Abstract
There are mounting fears in the tantalum market that serious shortages are
looming. Weak demand in consuming industries, particularly capacitors, coupled
with large inventories in the supply chain, has kept tantalum prices low.
Primary output has been slashed and processors are increasingly relying on
stock drawdowns to make up the shortfall. If there is even a modest recovery
in demand for tantalum in the near future, the market faces a difficult period.
A key issue is the continuing supply of low-cost columbite-tantalite (coltan)
mined in Central Africa, mostly illegally, and sold to fund rebel militias.
The major processors will not knowingly buy such material and almost all of it
goes to China. The availability of large and growing quantities of cheap
tantalum, at a time when global demand for consumer electronics is down and
processors are holding substantial raw material stocks, has, however, placed
the conventional tantalum industry under great pressure. Unable to win the
large increase in prices it needed to be economic, the world' s largest primary
producer suspended mining operations in late 2008. It was soon followed by two
others. Within the space of a few months, close to 40% of global primary
tantalum capacity was taken out of the market. There are no guarantees as to
when, or even if, it will be brought back into production.

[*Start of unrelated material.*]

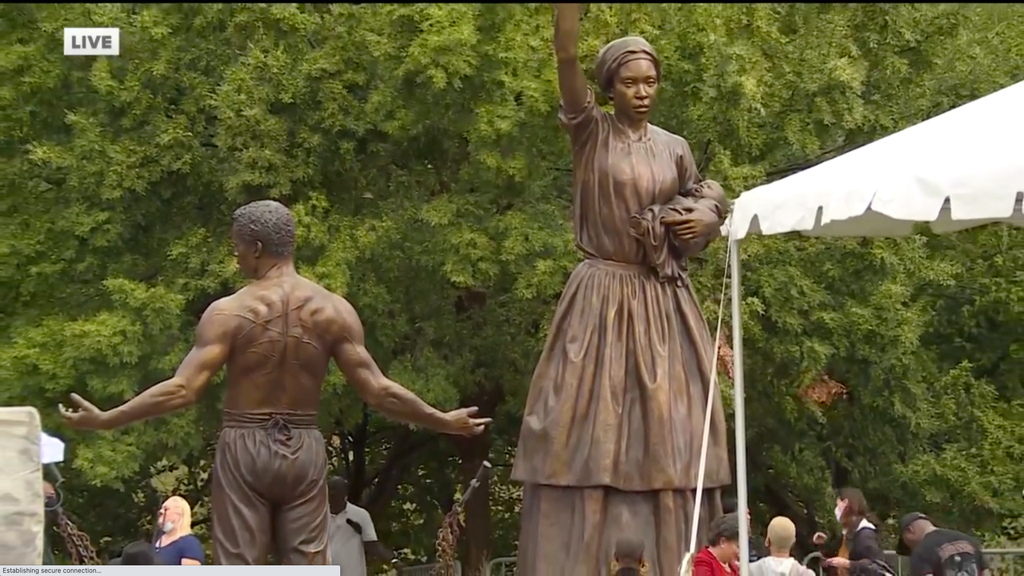 Richmond unveils monument to end of slavery two weeks after removing statue of Robert E Lee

The market will remain well-supplied for the time being. A key characteristic
of the tantalum industry in recent years has been that supply has nearly
always been greater than demand. As a result, large material inventories have
been built up at most levels of the supply chain, generally as a result of
take or pay contracts set up in the early part of the decade. Those stocks are
not inexhaustible. In addition, the US strategic stockpile has gone for good
and there are questions as how long tin slags can continue to constitute an
important tantalum feedstock.
As has been the case in the past, processors are increasingly turning to scrap
and other forms of secondary tantalum. Their receipts of secondary material
grew by 70% in 2007 and by a further 25% in 2008. The growing use of scrap is
evident in trade data.
The tantalum processing industry is attempting to develop systems to keep
coltan out of the market by providing ways to physically indentify it before
it is processed and becomes untraceable. Some processors are more committed to
this than others, and the system is not yet fully in place, but the industry
in general is facing mounting pressure from capacitor manufacturers and OEMs
to ensure that coltan is not used. It is quite likely that the supply of
coltan to the market will fall sharply over the next year or two. What will
replace it? Production is being expanded in several countries but probably not
by enough to replace coltan. Numerous new tantalum-niobium projects are in the
pipeline and several would be very large producers. The big question is when
they will come on-stream. Of the three mega-projects, one was originally
planned to come into production in 2006, while another has been held up for
over two years by red tape. The third may come into production in 2011.